Analyses can help marketing teams develop effective promotions by showing insights on online activity and transactions. With this information, a targeted campaign can be created that reduces the initial investment by limiting advertisements on specific items, customer demographics, or product lines. Systems can then monitor how well a marketing campaign performs based on customer perception, respective sales, and reviews. This data allows marketers to alter tactics that did not prove to be effective.
3. Risk Management
As industries become more competitive and the economy shifts, businesses should have appropriate risk management. Developing a risk management plan ensures that a company can remain profitable regardless of the uncertain future.
Reporting data from internal and external operations is essential to prevent risks adequately. From third-party vendor pricing to fulfillment efficiency and reports, analyses can help management create back-up plans.
4. Product Development
Especially when innovating or developing new products, big data is essential to ensure item improvement. Many tests are done when creating new designs to determine how customers react to different images and aesthetics. Once the rebranding is complete, businesses must ensure that manufacturing the product is time and cost-efficient.
Business data can track production costs, competitor pricing, and customer feedback to optimize product development success. For example, Amazon developed their Fresh and Whole Foods markets by using big data to track customers' preferences. Through analytics, they were able to comprehend how consumers prefer to buy groceries and interact with suppliers.
5. Supply Chain Management
Collecting data from everyday operations throughout the supply chain allows management to recognize trends and implement tools to improve efficiency and reduce costs. From analyzing vendor pricing to understanding how production costs limit profit margins, businesses can make informed decisions on how to drive profits.

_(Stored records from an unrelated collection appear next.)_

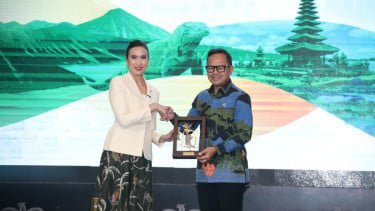 Wamendagri Bima Tegaskan Penguatan Ekosistem dan City Branding untuk Majukan Pariwisata Daerah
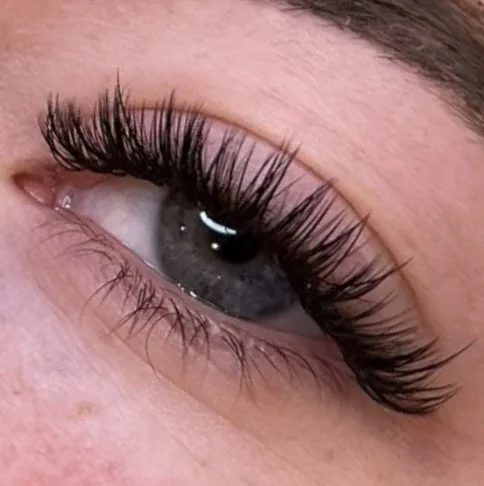 Hybrid Eyelash Extensions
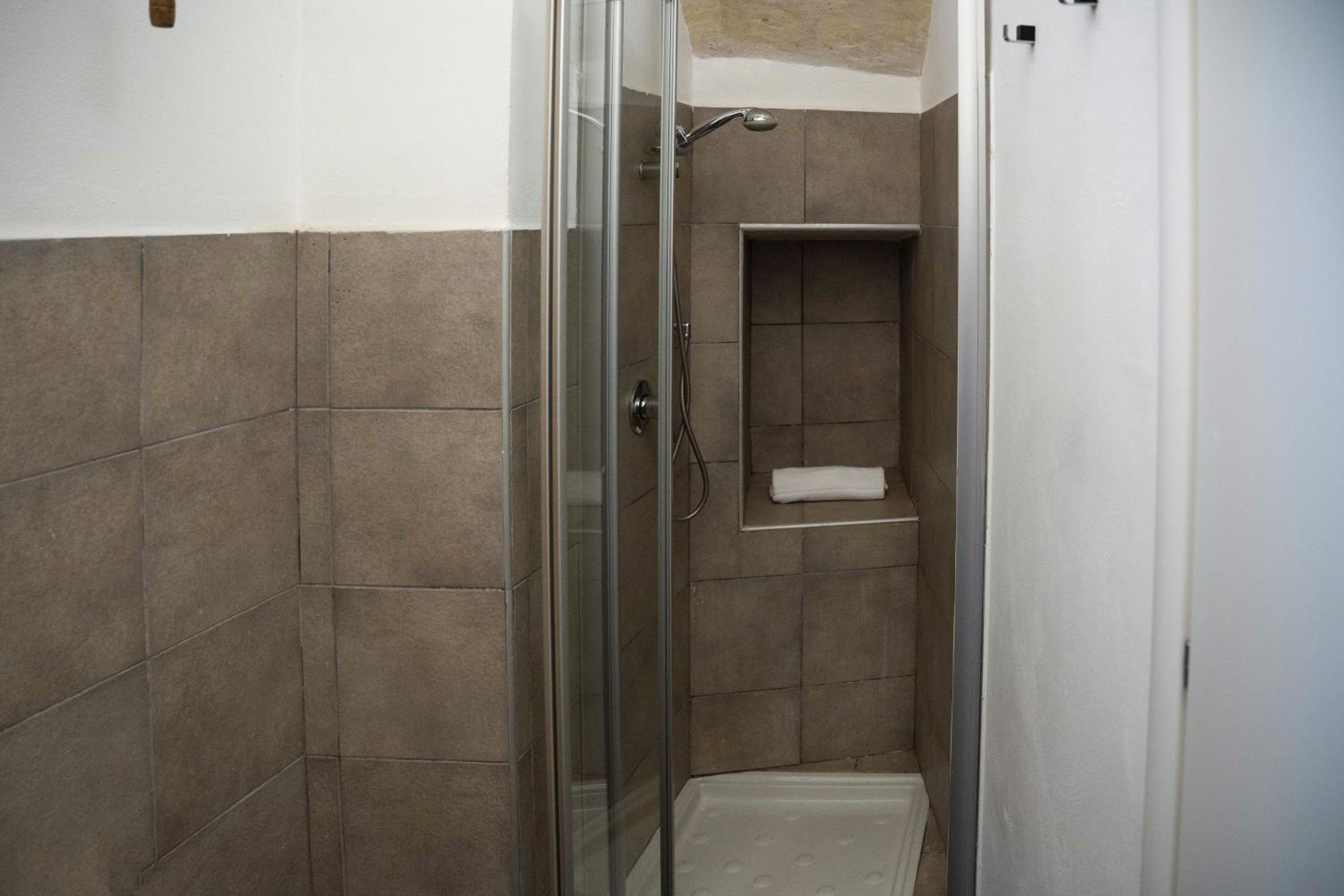 Superior Triple Room photo 3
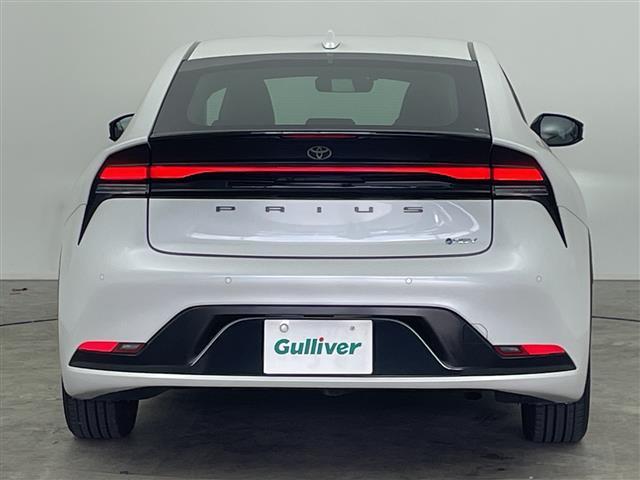 プリウス Ｚ　禁煙車／純正ナビ／パノラミックビューモニター／トヨタセーフティセンス／プリクラッシュセーフティ／レーダークルーズコントロール／オートマチックハイビーム／レーントレーシングアシスト／ブラインドスポットモ（42枚目）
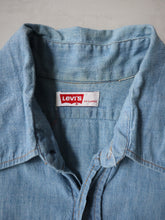 Load image into Gallery viewer, 1970s Levi&#39;s Orange Tab Chambray Shirt - XL
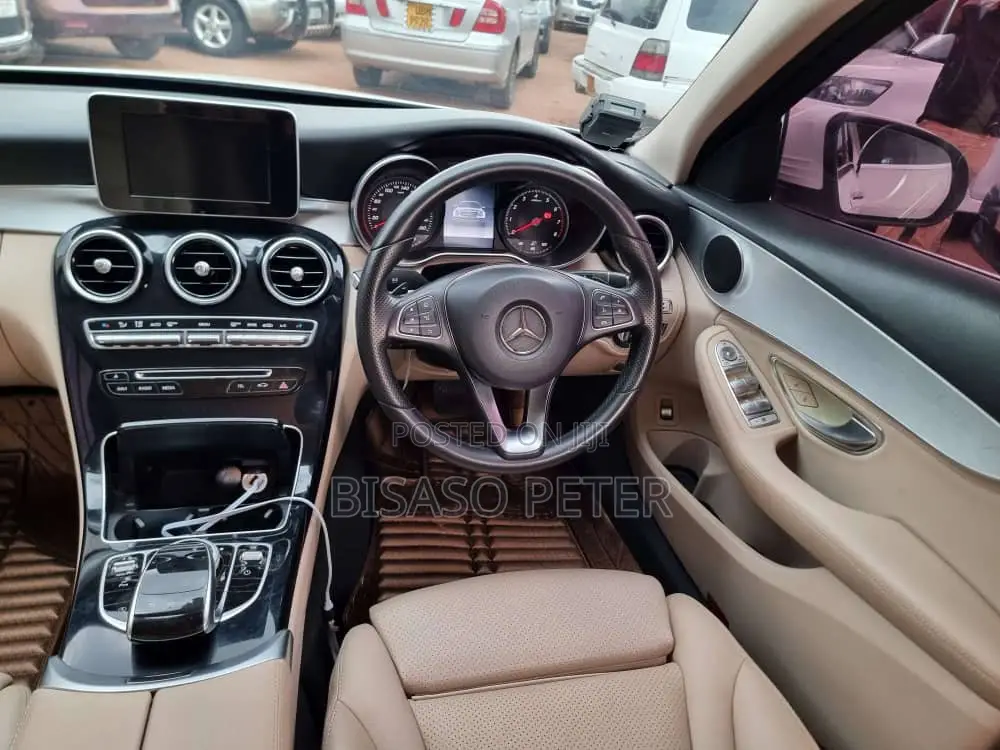 Mercedes-Benz C180 2015 White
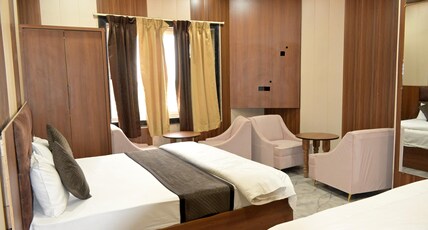 Triveni Hotel And Restaurant Room Type - 3 Beded Room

This extends to the storefront, where customers interact with products. For example, PepsiCo aggregated data from their multiple warehouses, point-of-sale (POS), ordering, inventory control, and demand forecasting systems to gain a broader scope of their performance. Through this analysis of big data, they ensure all of their shelves are stocked, reorders are processed, and shipments are fulfilled so sales and profits can be maintained.
Business data is a vital resource that companies must have in order to make critical decisions within their supply chain, marketing promotions, and customer relationships. By taking advantage of big data analysis, organizations can ensure their longevity and promote expansion.